Quantitative real-time PCR. Primers for RT-PCR were designed using the Primer-Blast (NCBI) tool. PCR was performed using SYBR Green Master Mix (Applied Biosystems) and the Applied Biosystems 7500 Real-Time PCR system. Gene expression was normalized to the housekeeping gene GAPDH, and fold changes in expression relative to the control group were calculated using the 2^–ΔΔCt method.

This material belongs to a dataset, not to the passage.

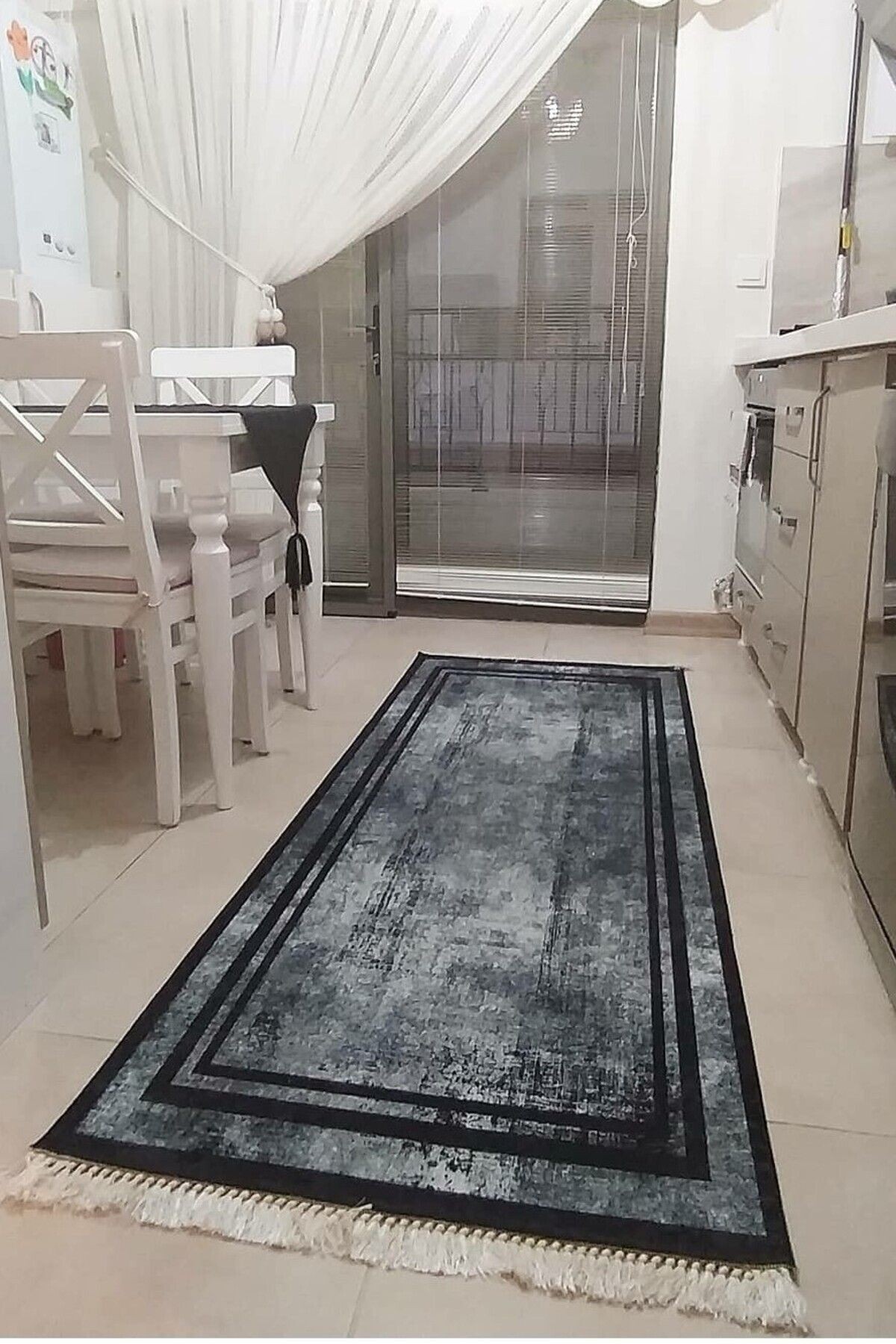 Gri Siyah Halı Mutfak Halısı Leke Tutmaz Makinede Yıkanabilir Kaymaz Taban Halı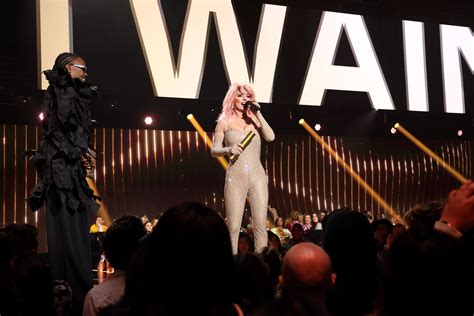 Shania Twain Is Unashamed Of Showing Off Naked Body In Her S The Hamden Journal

Statistics. Data are expressed as mean ± SD. The distribution of data was assessed with the Shapiro-Wilk and Kolmogorov-Smirnov normality tests. One-way or 2-way ANOVA followed by Tukey’s post hoc test or Kruskal-Wallis nonparametric test with Dunn’s post hoc test was used for comparisons between groups, as appropriate. A P value of less than 0.05 was considered statistically significant. GraphPad Prism software (v.10) was used for all statistical analysis.

Study approval. All mouse studies were performed under the guidelines approved by the Institutional Animal Care and Use Committee at the Icahn School of Medicine at Mount Sinai (IACUC-LA10-00001).

Data availability. All data are available from the corresponding author upon request. Raw data for all graphs can be found in the Supporting Data Values file.